── Records

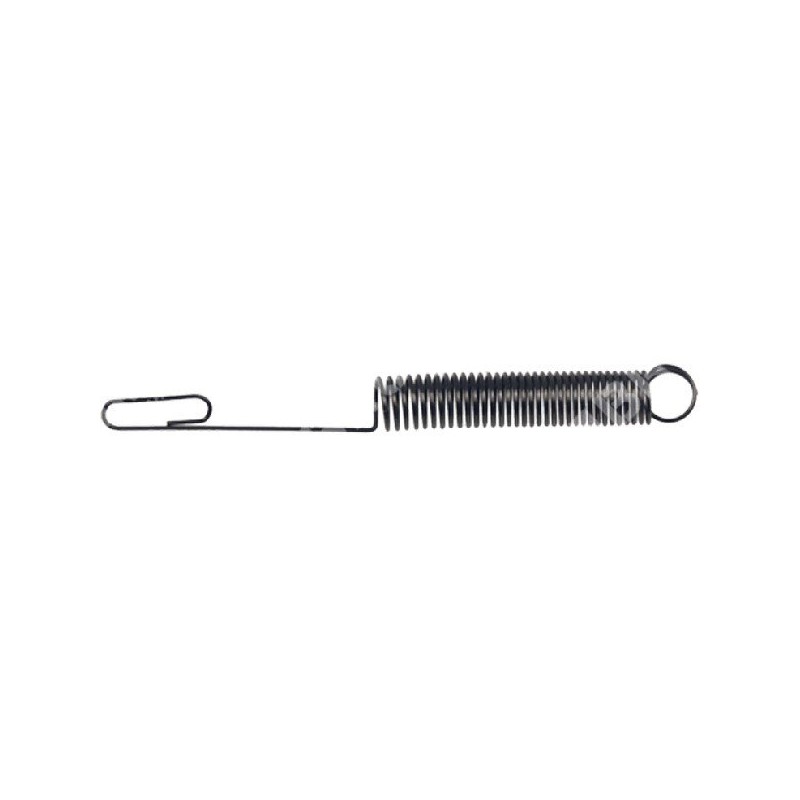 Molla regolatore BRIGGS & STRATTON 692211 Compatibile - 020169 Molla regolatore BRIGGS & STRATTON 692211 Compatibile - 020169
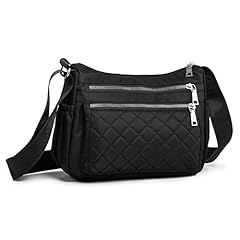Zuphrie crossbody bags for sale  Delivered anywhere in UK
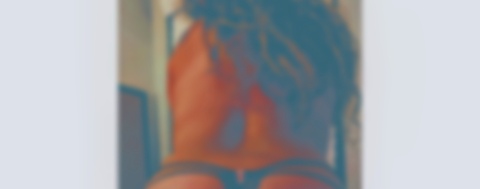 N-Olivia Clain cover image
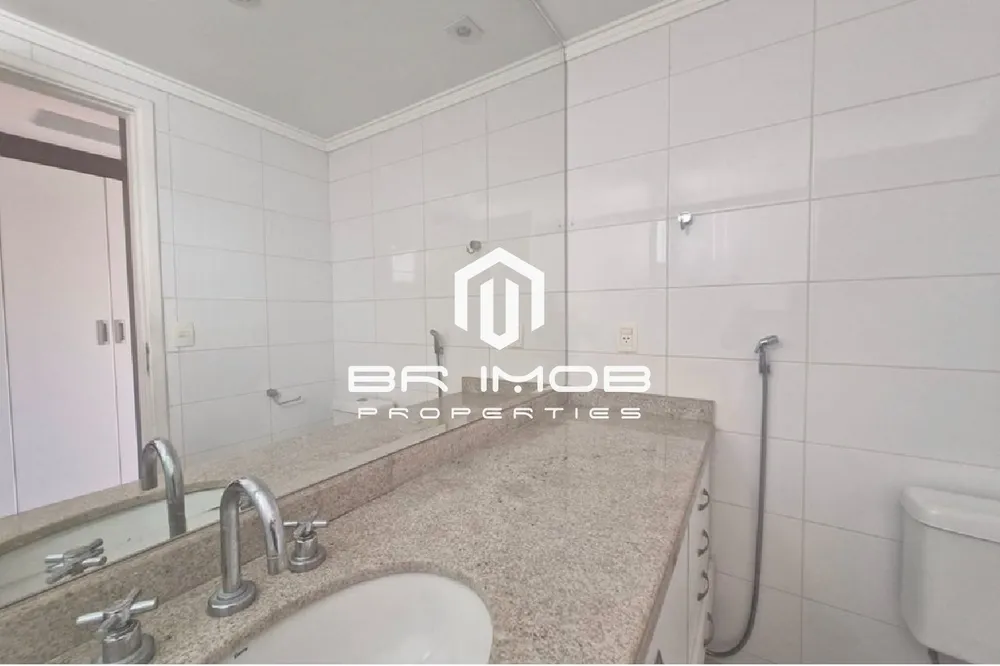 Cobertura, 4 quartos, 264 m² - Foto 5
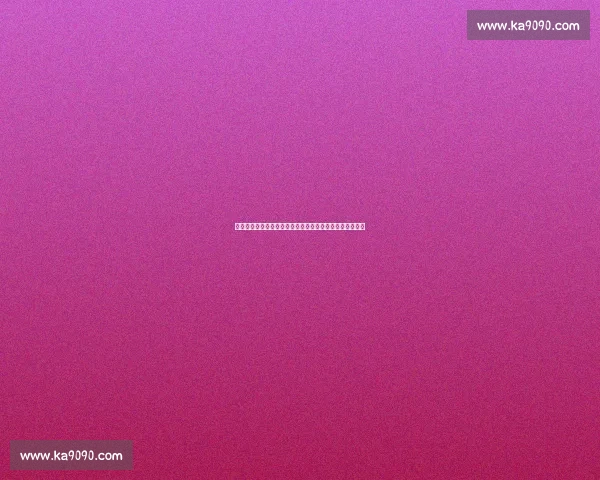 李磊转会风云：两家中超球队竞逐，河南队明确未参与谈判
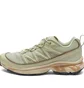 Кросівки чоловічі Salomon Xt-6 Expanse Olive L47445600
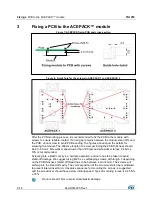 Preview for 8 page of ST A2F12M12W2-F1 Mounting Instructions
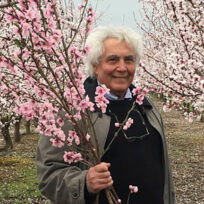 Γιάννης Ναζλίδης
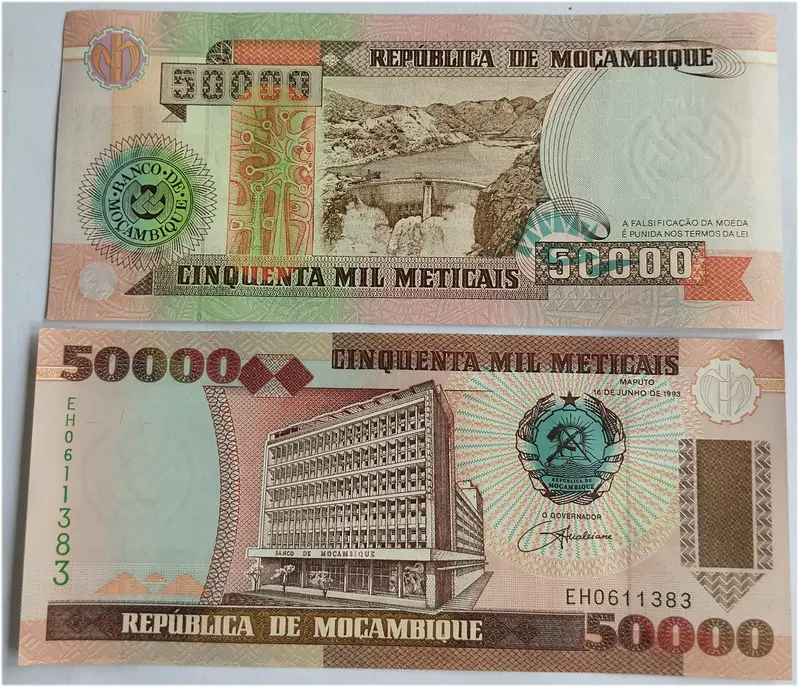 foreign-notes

────

◆ What to work on ◆
Please return the material above unchanged, with every picture removed.

◆ Worked solution ◆
 Molla regolatore BRIGGS & STRATTON 692211 Compatibile - 020169 Molla regolatore BRIGGS & STRATTON 692211 Compatibile - 020169
Zuphrie crossbody bags for sale  Delivered anywhere in UK
 N-Olivia Clain cover image
 Cobertura, 4 quartos, 264 m² - Foto 5
 李磊转会风云：两家中超球队竞逐，河南队明确未参与谈判
 Кросівки чоловічі Salomon Xt-6 Expanse Olive L47445600
 Preview for 8 page of ST A2F12M12W2-F1 Mounting Instructions
 Γιάννης Ναζλίδης
 foreign-notes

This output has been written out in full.